1) Já o disse aqui: ir ao Rio de Janeiro e não ir ao cinema Palácio se constituia numa epifania. Adentrar a sala, após a compra do ingresso, uma experiência emocionante a considerar a distância entre a bilheteria e a sala de exibição. Uma distância forrada de tapete vermelho, macio, que trazia uma sensação de quase se estar a levitar, enquanto, na promenade para chegar à sala propriamente dita, ia-se a olhar os cartazes laterais anunciadores dos filmes que iam entrar em cartaz breve, a seguir. Atualmente, com a velocidade do mundo, das informações, da internet, não se espera mais os filmes como antes, pois eles entram de repente, quando menos se espera. A bela lembrança do Palácio, porém, se desvanece quando se constata a sua ruína atual (como se pode perceber pelas fotos de Jonga Olivieri, que, uma vez por mês, acordou com este bloguista de levar sua máquina para tirar fotos dos antigos e saudosos cinemas do Rio de Janeiro). Como se pôde deixar um cinema decair a este ponto?
2) Acabei de ver, no Canal Brasil (Net/Sky, 66), O rapto de Juca, um episódio da série O vigilante rodoviário, que o canal restaurou e se encontra a mostrar um por semana. Realizado em 1961, a série, que vi na adolescência, vista hoje parece ingênua, mas justamente nesta ingenuidade é que está o seu encanto.
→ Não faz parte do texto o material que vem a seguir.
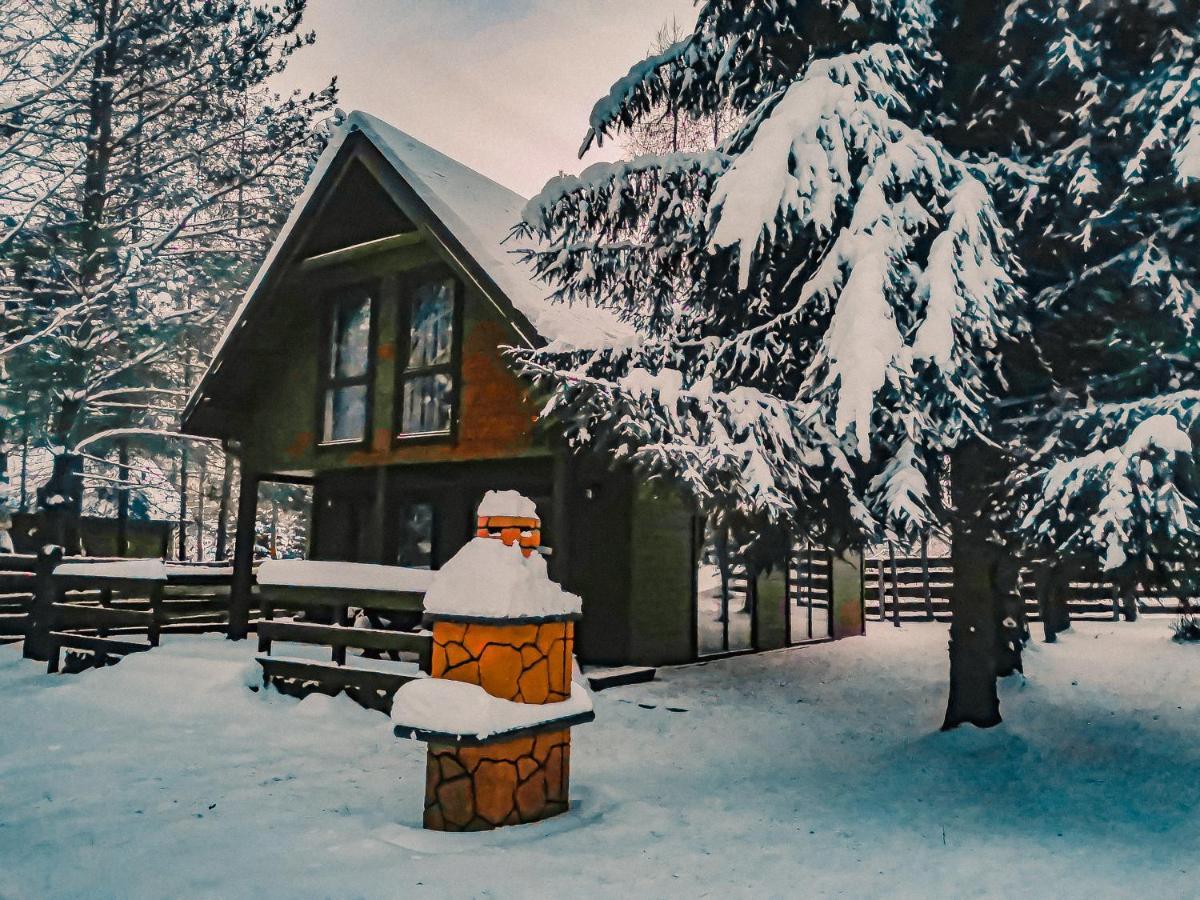 Ostoja Stacze Villa Buitenkant foto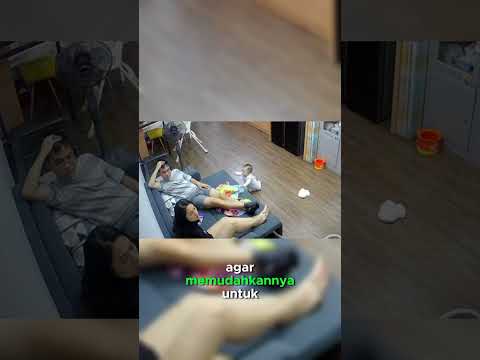 rasa bahagia melihat anaknya baru bisa berdiri #momen#emosional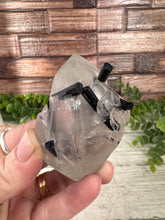 Load image into Gallery viewer, Tourmaline and Quartz Point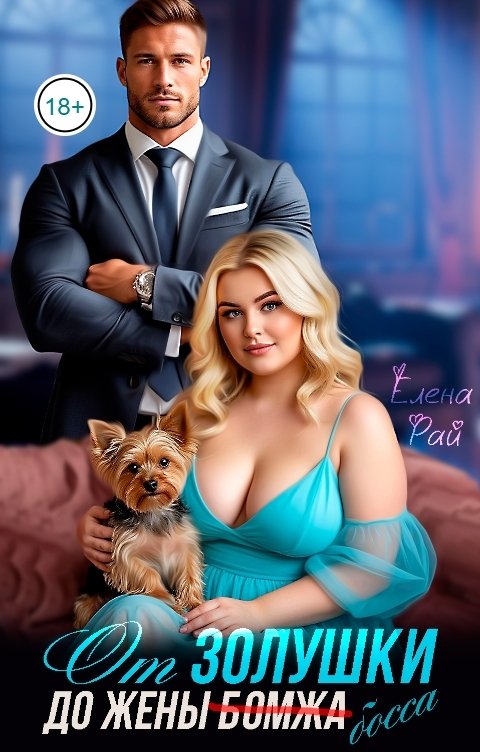 От Золушки до жены (бомжа) босса - Елена Рай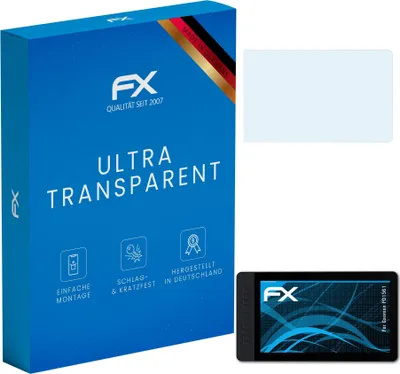 Produktbild von atFoliX FX-Clear 2x Schutzfolie kompatibel mit Gaomon PD1561 Displayschutzfolie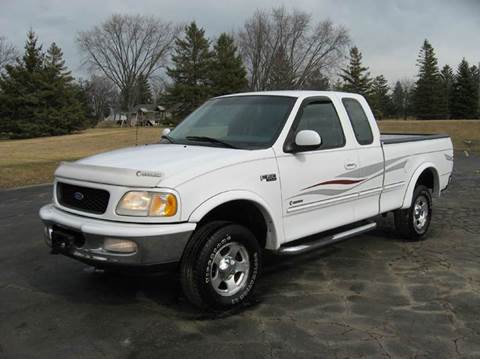 1997 Ford F-150 for sale at The Car & Truck Store in Union Grove WI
Juca Chaves, líder de audiência na televisão, é raptado para não chegar a tempo num programa no qual vai ser lançado um produto comercial, que desbancaria um outro. Os concorrentes, desesperados, resolvem promover o rapto de Juca. Mas suas fãs suspeitam e avisam Carlos Miranda, o vigilante, que chega a tempo, prende os raptores e consegue fazer com que Juca Chaves chegue na hora, para a alegria dos produtores do programa. Há, entre as fãs, uma gordinha que é fanática pela revista X-9. Interessante a indumentária da época, os carros, a calma de uma São Paulo que ainda não era a selva de pedra atual. Geralmente, os filmes da série adotam a corrida contra o tempo griffithiana. Há um certo artesanato na direção de Ary Fernandes e os filmes são simpáticos e, em alguns, oportunidade de ver atores hoje consagrados em pequenos papéis. Claro, era preciso que Carlos Miranda fosse mesmo um canastrão. A produção é de Alfredo Palácios e Cláudio Petraglia.
3) Leio o livro escrito por Luiz Carlos Merten sobre a vida de Anselmo Duarte para a edição Aplauso. Narrado em primeira pessoa, Anselmo Duarte: o homem da Palma de Ouro, é o resultado de meses e meses de entrevistas com o diretor. O mesmo método praticado pelo jornalista Hermes Leal para contar a trajetória de Orlando Senna em O homem da montanha (também da Aplauso). Anselmo é muito ressentido (e com razão) com o pessoal do Cinema Novo, que não podia admitir que um galã fosse diretor e, ainda por cima, conquistasse a Palma de Ouro (e, a rigor, a única Palma de Ouro para filme brasileiro é a de O pagador de promessas; Glauber recebeu a Palma pela direção de O dragão da maldade contra o santo guerreiro e não pelo filme em si). Conta o diretor, via a escrita de Merten, que um produtor português entrou com uma grana na produção de O pagador de promessas e, por isso, o personagem Bonitão, vivido por Geraldo Del Rey, na versão que foi exibida em Portual, ele é feito por um ator português (muito ruim, segundo Anselmo). Relata também que Norma Bengell ficava aborrecida pela atenção dada ao estrelismo de Glória Menezes. Para esfriar a situação, Anselmo Duarte, que tinha fama de garanhão, levou La Bengell para a cama e ela, então, se acalmou. Para a sequência da chuvarada, quem arranjou água foi Glauber Rocha, que funcionou como intermediário entre o Corpo de Bombeiros e a produção do filme. Os livros da coleção Aplauso, da Imprensa Oficial do Estado de São Paulo, são bons, mas difíceis de serem encontrados nas livrarias.
4) Anselmo conta que Luiz Severiano Ribeiro, o grande exibidor brasileiro para quem "o cinema era a maior diversão", contrariado com a obrigatoriedade de exibição do filme brasileiro (decreto de Getúlio Vargas), ainda que poucos dias por ano, resolveu fazer os seus e fundou a Atlântida. Aconteceu algo semelhante com a chamada Lei do Curta, que não tem validade há muitos anos. Os exibidores resolveram fazer seus próprios filmes, que eram, evidentemente, muitos ruins. Para incentivar o curta-metragem, com o advento da Lei do Curta, houve uma campanha intitulada: "Curta não é castigo".

3 comentários:

Jonga Olivieri disse...

Nota-se que o Palácio ainda está menos degradado porque fechou este ano. O caso do Vitória já tem muito tempo.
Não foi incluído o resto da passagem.